# Structure of netCDF file

###  netCDF file

netCDF (network Common Data Form) is a file format for storing multidimensional array data. This is an example of a file with temperature and precipitation data.

![](http://xarray.pydata.org/en/stable/_images/dataset-diagram.png)

A netCDF file includes: 
* **data variables**: temperature, precipitation
* **coordinates**: time, latitude, longitude
* **attributes**: information about how the data is collected, institutions involved etc.

In [2]:
#Import the xarray library which is used to read and analyze netCDF files
import xarray as xr
#Other useful Python libraries
import os

In [7]:
#Change to your data directory
dataPath = '/Users/brownscholar/Desktop/BridgeUP_Climate_Guardians_GitHub/Labs'
os.chdir(dataPath)
os.getcwd()

FileNotFoundError: [Errno 2] No such file or directory: '/Users/Brown Scholar/Desktop/BridgeUP_Climate_Guardians_GitHub/Labs'

### Import netCDF file

`open_dataset(file name)` : imports netCDF file

In [6]:
# Load the sea surface temperature dataset
fileName = 'HadISST_sst.nc'
data = xr.open_dataset(fileName)
data

FileNotFoundError: [Errno 2] No such file or directory: '/Users/brownscholar/Desktop/BridgeUP_Climate_Guardians_GitHub/Labs/HadISST_sst.nc'

In [None]:
# This is what the display will look like on Sublime so we'll change our display style to reflect that
xr.set_options(display_style="text")
data

### Extract sea surface temperature (SST)

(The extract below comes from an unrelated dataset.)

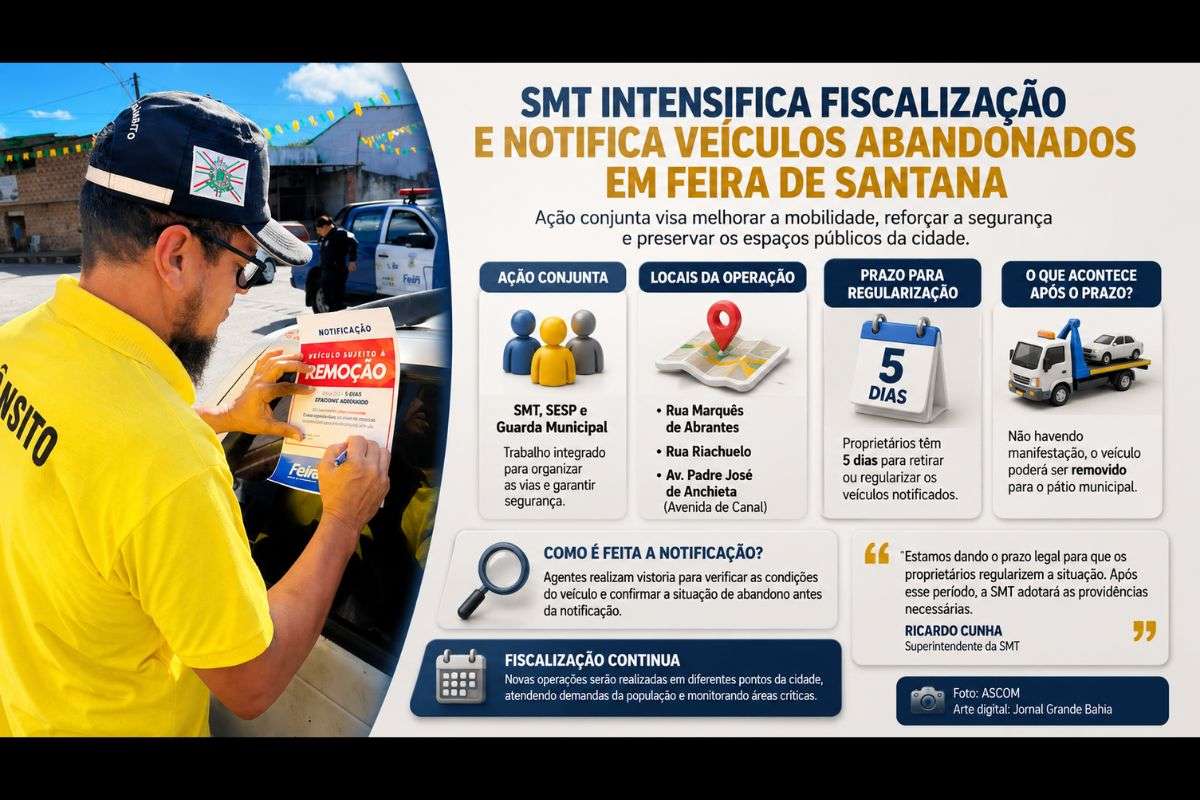 Operação conjunta da SMT, SESP e Guarda Municipal busca melhorar a mobilidade urbana, reforçar a segurança e preservar os espaços públicos da cidade.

This is a lot of information! But we are only interested in one variable (i.e sst) within the dataset so let's extract that. 

We need to give Python a path to this value much like you would with the path to your Data folder but instead of separating values with `/` you use `.`

In [None]:
# Extract the sst variable
data.sst

Your SST data is saved as a DataArray which is xarray's implementation of a labeled, multi-dimensional array.
It has several key properties:

| Attribute | Description                                                                                                                              |
| --------- | ---------------------------------------------------------------------------------------------------------------------------------------- |
| `data`    | array's values.                                                                              |
| `dims`    | dimension names for each axis. For example:(`x`, `y`, `z`) (`lat`, `lon`, `time`).                                                       |
| `coords`  | values of the dimensions |
| `attrs`   | relevant attributes/metadata (for example: units, research institution)                                                                   |
| `name`    | name of the array                                                                                      |


In [4]:
# Extract dimensions
data.sst.dims

NameError: name 'data' is not defined

In [7]:
# Extract coordinates or values of the dimensions
data.sst.coords

Coordinates:
  * time       (time) datetime64[ns] 1870-01-16T11:59:59.505615234 ... 2020-0...
  * latitude   (latitude) float32 89.5 88.5 87.5 86.5 ... -87.5 -88.5 -89.5
  * longitude  (longitude) float32 -179.5 -178.5 -177.5 ... 177.5 178.5 179.5

In [8]:
#You can also extract a particular coordinate such as latitude
data.sst.latitude

In [11]:
# Extract attributes
data.sst.attrs

{'standard_name': 'sea_surface_temperature',
 'long_name': 'sst',
 'units': 'C',
 'cell_methods': 'time: lat: lon: mean'}

In [None]:
# Extract the units of the SST variable


## Practice

In your processing data script (`process_SST_data.py`), 
1. load in the netCDF file `HadISST_sst.nc` using xarray
1. What values will be useful in our analysis? Save these as separate variables so you can call on them easily. 

Use the space below to test out your code.

In [1]:
fileName = 'HadISST_sst.nc'

NameError: name 'HadISST_sst' is not defined

### Cheatsheet

`open_dataset(file name)`: imports netCDF file

`data_array.data_variable`: extracts data variable such as termperature or precipitation

`data_array.data_variable.dims`: names of the dimensions of the data variable such as time, latitude, ...

`data_array.data_variable.coords`: values of the dimensions of the data variable

`data_array.data_variable.time`: extracts a particular coordinate

`data.sst.attrs`: attributes of the data variable like it's name, units, ...